DATA EXCERPT
==================================================
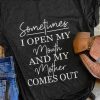 Sometimes I Open My Mouth And My Mom Comes Out t shirt RF02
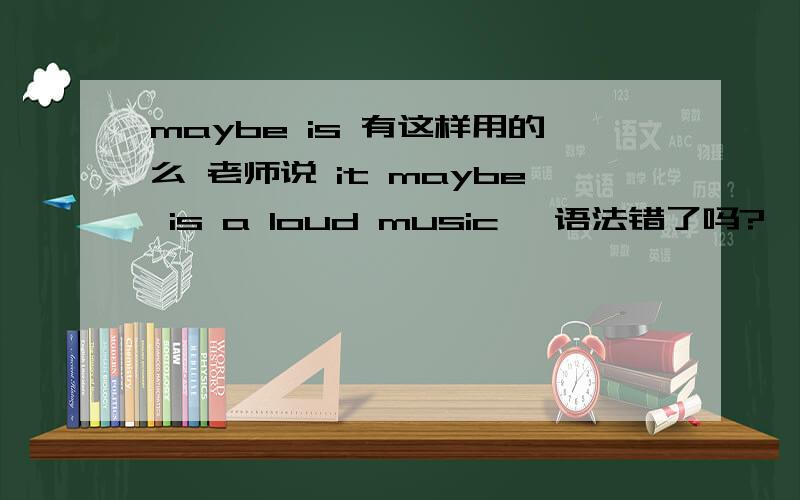 maybe is 有这样用的么 老师说 it maybe is a loud music ,语法错了吗?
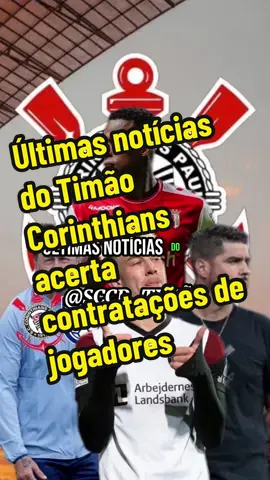 O Corinthians acerta a contratação de jogadores !!  #corinthians #noticiastiktok #mercadodabola24hora #sportnews #futebol #tiktokesportes #vaicorinthians #noticiasen1minuto 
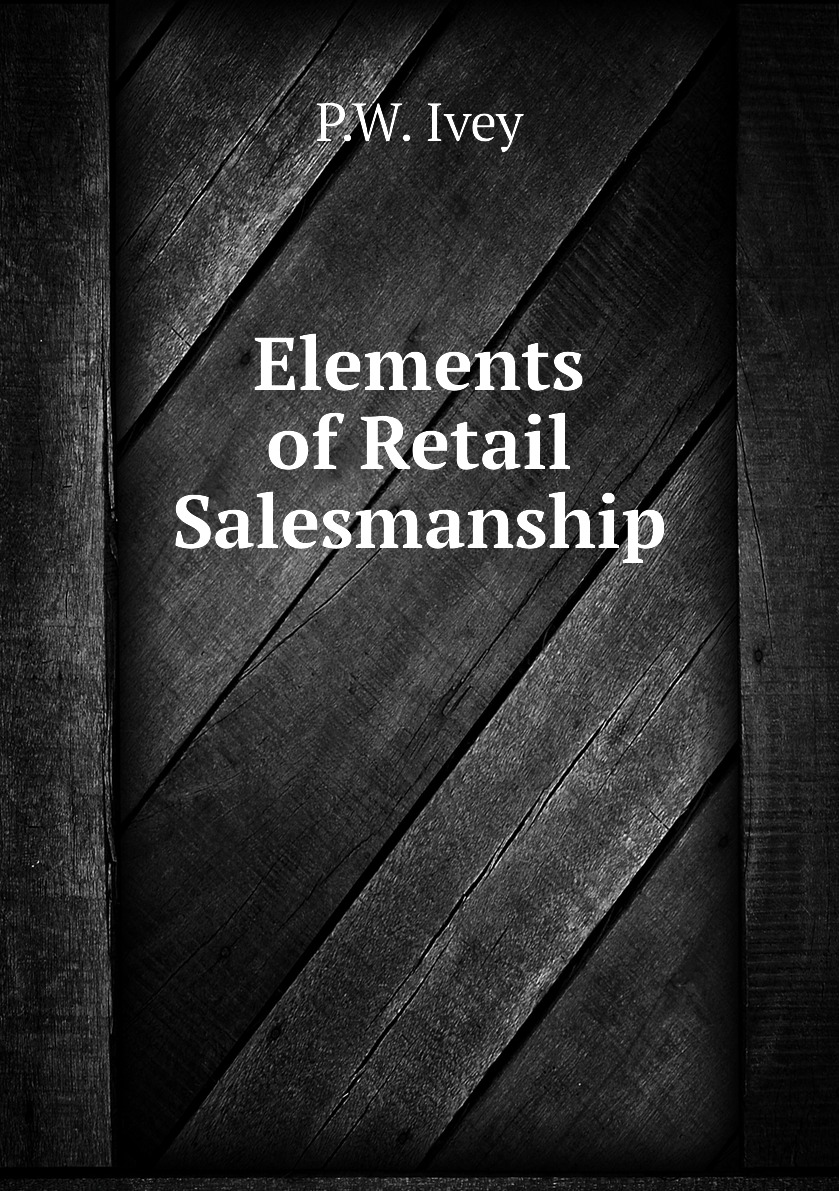 

Elements of Retail Salesmanship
==================================================
Repeat the listing exactly; do not print any picture.

SOLVED PROBLEM
 Sometimes I Open My Mouth And My Mom Comes Out t shirt RF02
 maybe is 有这样用的么 老师说 it maybe is a loud music ,语法错了吗?
 O Corinthians acerta a contratação de jogadores !!  #corinthians #noticiastiktok #mercadodabola24hora #sportnews #futebol #tiktokesportes #vaicorinthians #noticiasen1minuto 

Elements of Retail Salesmanship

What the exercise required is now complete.